Centralnym wątkiem pozostaje jednak praca dziennikarska, choć Michał Fajbusiewicz wykonywał w życiu chyba z 10 zawodów.

I tutaj zbiegają się zainteresowania koszalinianki Magdy Omilianowicz i „Fajbusa”, bo w przypadku obojga tematyka kryminalna odegrała ważną rolę. O cyklu programów „997” już wspominaliśmy, przypomnijmy więc, że Magda Omilianowicz jest autorką bestselerowej opowieści pod tytułem „Bestia. Studium zła” o wielokrotnym mordercy Leszku Pękalskim. Nikt przed nią tak dokładnie nie odtworzył historii tego pochodzącego spod Bytowa człowieka, dla którego zabijanie wiązało się z doświadczeniami erotycznymi i stanowiło nieodparty przymus. Paradoksem jest fakt, że choć sam przyznał się do 67 morderstw, Pękalski był bliski wywinięcia się sprawiedliwości wobec błędów popełnionych w śledztwie przez ekipy policyjne i prokuratorów. Jak ktoś napisał, postać Pękalskiego jest w książce Magdy Omilianowicz niejednoznaczna. „To kat godny potępienia, ale i ofiara, która może oczekiwać naszego zrozumienia, jest mordercą, ale i ofermą, ofiarą losu, która budzi politowanie. To jednocześnie bestia i nieudacznik.”

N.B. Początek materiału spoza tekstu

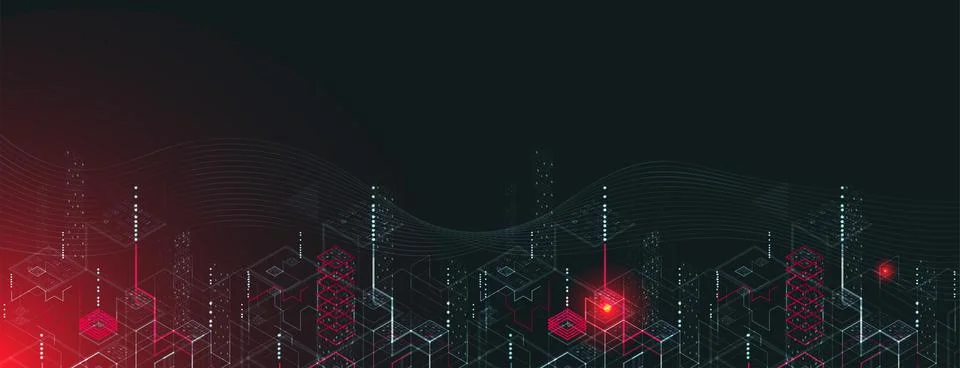 Technology background. Binary computer code.  Vector illustration. Stock Illustration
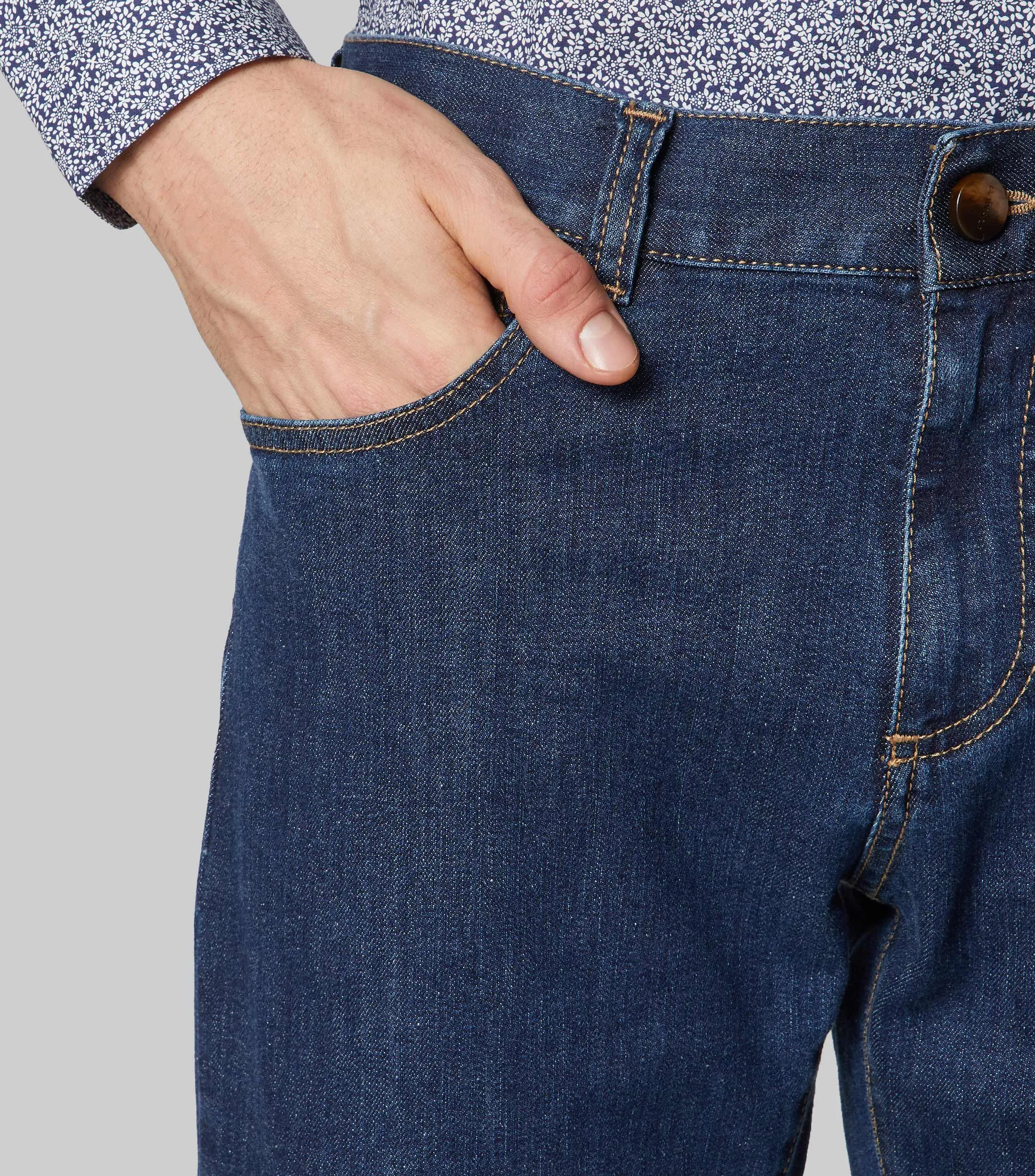Canali Jeans Slim fit Hombre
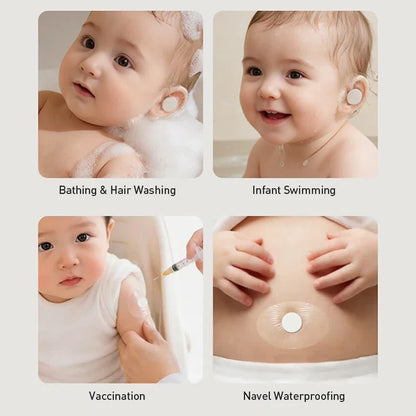 Avent Patch Protettivi in Silicone per Orecchie 30pz, Copri Orecchie Impermeabili Morbidi e Indolore da Rimuovere, per Bagno e Nuoto Bambini 0-12 Anni
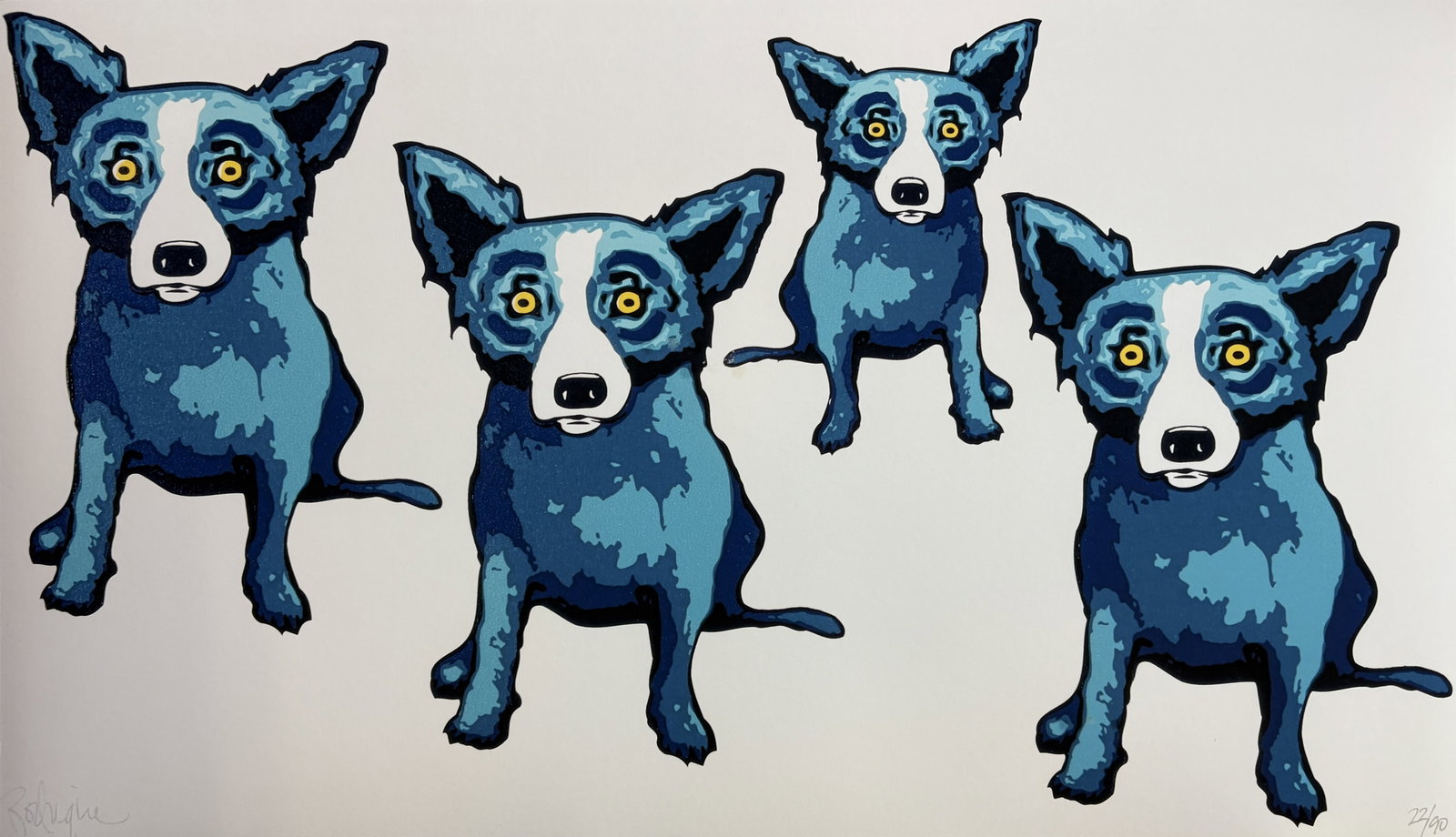 GEORGE RODRIGUE UNTITLED PRINT IN COLOR (1 of 2)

Telewizyjne programy policyjno-kryminalne (podobnie jak paradokumenty o tej tematyce) stały się w ostatnich latach bardzo popularne. Obecne są w ramówkach wszystkich stacji. Ich protoplastą w TVP był cykl przygotowywany i prowadzony przez Michała Fajbusiewicza. Służył on nie tylko informacji, ale pomagał również w docieraniu do sprawców przestępstw i ustalaniu ważnych dla poszczególnych śledztw okoliczności. Zgłaszali się po każdej emisji – oprócz rozmaitych mitomanów i nawiedzeńców – także ludzie, których spostrzegawczość pomagała zamykać trudne dochodzenia.

Praca w mediach daje okazję do spotkań z ogromną liczbą osób różnych zawodów, także ludzi bardzo znanych. Nic więc dziwnego, że w rozmowie Omilianowicz – Fajbusiewicz pada kilkaset bardziej i mniej znanych nazwisk. Wśród nich jedno jest szczególne i tego spotkania można panu Michałowi zazdrościć. Otóż przygotował on program dokumentalny z udziałem wyjątkowego świadka historii XX wieku – profesora Jana Karskiego, legendarnego kuriera Polskiego Państwa Podziemnego, który jako pierwszy dostarczył na Zachód świadectwo barbarzyństwa Niemców wobec ludności żydowskiej i Polaków. Niestety, cele polityczne i rozmaite polityczne kalkulacje aliantów spowodowały, że misja Karskiego nie zakończyła się tak, jak by się można było spodziewać. On sam zaś stał się postacią tragiczną, do końca życia noszącą ciężar wiedzy o ludobójstwie, którego nie zdołał swoim świadectwem przerwać.

 

Magda Omilianowicz, Michał Fajbusiewicz: „Fajbus. 997 przypadków z życia”. Wydawca: Kompania Mediowa sp. z o.o., Warszawa 2019

9 sierpnia br. w ogrodzie Filii nr 9 Koszalińskiej Biblioteki Publicznej odbyła się promocja książki z udziałem obojga autorów. Słuchaczy było tylu, że szybko zabrakło przygotowanych miejsc.